Exercise data.
┌────────
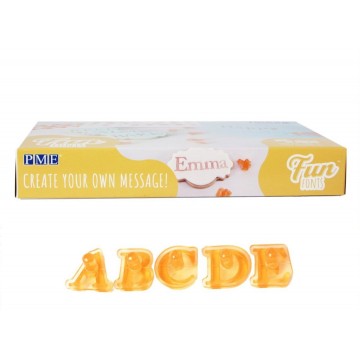 FUN FONTS ALPHABET LETTER COLLECTION 2 PME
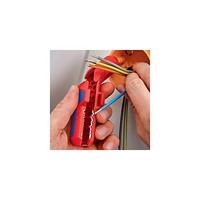 KNIPEX kabelstripper 1665125sb kabelstrip-/ontmantelingsgereedschap - thumbnail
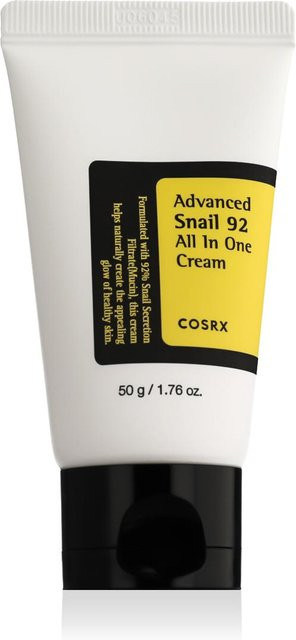 COSRX Advanced Snail 92 All-in-One Creme, Gel, 50 g, Empfindliche Haut - Bild 1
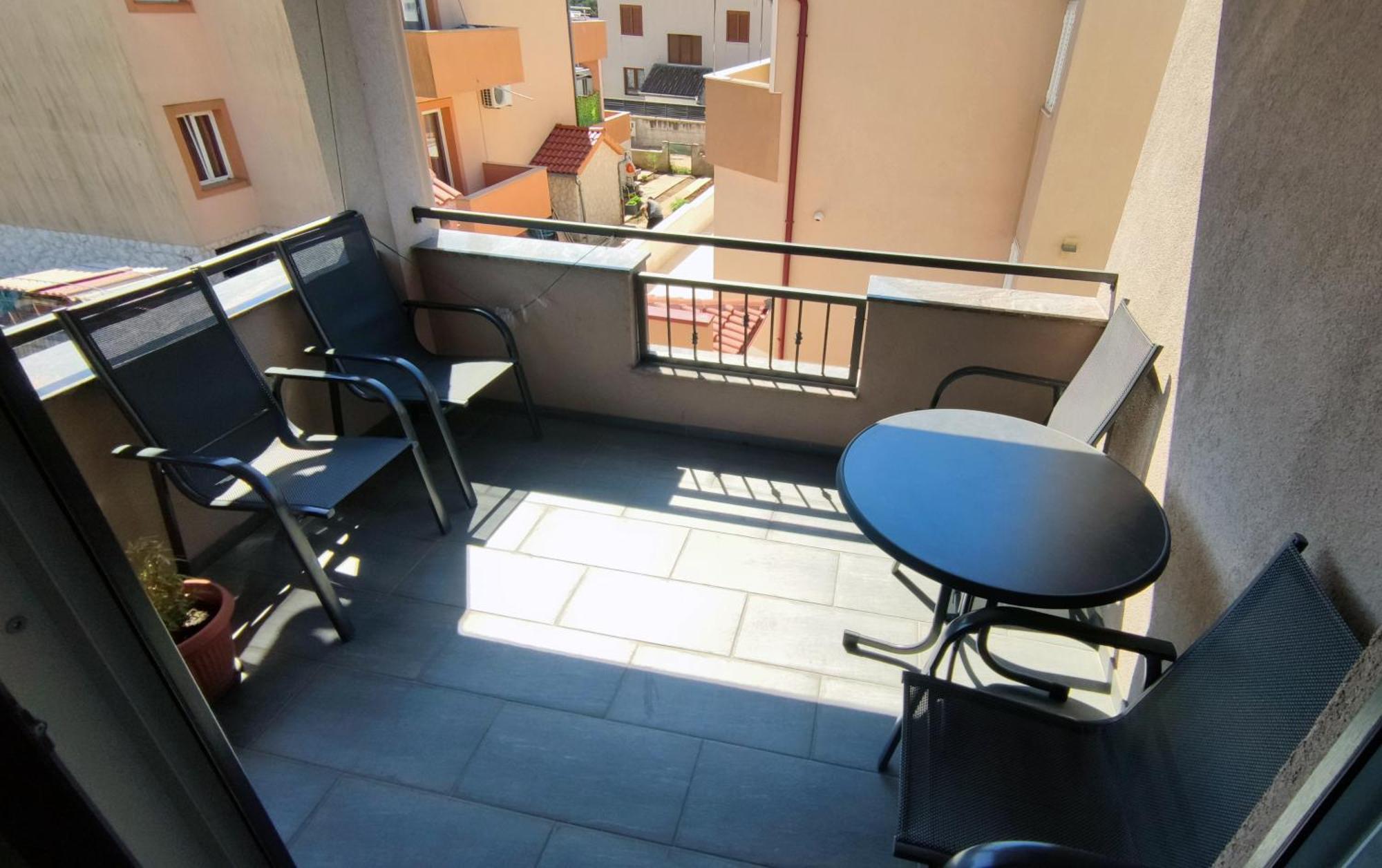 Spacious Modern Apartment Biograd na Moru Kültér fotó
└────────
Every line of the listing should be repeated exactly; no picture should appear.

Task response.
 FUN FONTS ALPHABET LETTER COLLECTION 2 PME
 KNIPEX kabelstripper 1665125sb kabelstrip-/ontmantelingsgereedschap - thumbnail
 COSRX Advanced Snail 92 All-in-One Creme, Gel, 50 g, Empfindliche Haut - Bild 1
 Spacious Modern Apartment Biograd na Moru Kültér fotó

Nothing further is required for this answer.